_Exercise instructions_:
From the data below, retype exactly the lines starting with the one that contains "One of the more" and ending with the one that contains "We're going to create", both included.

Collected data entries
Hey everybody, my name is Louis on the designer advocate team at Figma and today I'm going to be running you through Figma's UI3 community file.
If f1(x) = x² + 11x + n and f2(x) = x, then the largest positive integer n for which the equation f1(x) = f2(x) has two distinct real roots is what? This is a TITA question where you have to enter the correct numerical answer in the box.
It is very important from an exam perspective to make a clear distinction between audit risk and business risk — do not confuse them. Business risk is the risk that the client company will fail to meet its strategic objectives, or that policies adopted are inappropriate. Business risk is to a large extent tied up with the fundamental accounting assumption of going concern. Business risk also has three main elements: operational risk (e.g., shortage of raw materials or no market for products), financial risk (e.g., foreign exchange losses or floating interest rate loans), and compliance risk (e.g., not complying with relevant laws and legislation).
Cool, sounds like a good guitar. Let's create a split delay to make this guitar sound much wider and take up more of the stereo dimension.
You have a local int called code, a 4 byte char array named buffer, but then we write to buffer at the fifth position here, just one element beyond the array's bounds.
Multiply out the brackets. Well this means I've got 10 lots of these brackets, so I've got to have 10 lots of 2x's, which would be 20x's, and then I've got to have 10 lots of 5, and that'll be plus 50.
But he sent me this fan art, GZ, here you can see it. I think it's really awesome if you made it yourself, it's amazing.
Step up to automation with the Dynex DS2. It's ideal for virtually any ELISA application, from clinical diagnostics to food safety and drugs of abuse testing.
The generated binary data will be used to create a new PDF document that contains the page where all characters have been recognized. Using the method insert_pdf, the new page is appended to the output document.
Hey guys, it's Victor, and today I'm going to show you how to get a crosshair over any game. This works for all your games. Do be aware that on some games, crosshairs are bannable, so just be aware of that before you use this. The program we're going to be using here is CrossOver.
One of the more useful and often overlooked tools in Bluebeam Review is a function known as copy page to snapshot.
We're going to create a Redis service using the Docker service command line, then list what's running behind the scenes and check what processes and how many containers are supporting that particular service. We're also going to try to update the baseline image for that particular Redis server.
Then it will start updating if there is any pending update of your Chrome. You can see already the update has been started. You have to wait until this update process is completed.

_Result of this exercise_:
One of the more useful and often overlooked tools in Bluebeam Review is a function known as copy page to snapshot.
We're going to create a Redis service using the Docker service command line, then list what's running behind the scenes and check what processes and how many containers are supporting that particular service. We're also going to try to update the baseline image for that particular Redis server.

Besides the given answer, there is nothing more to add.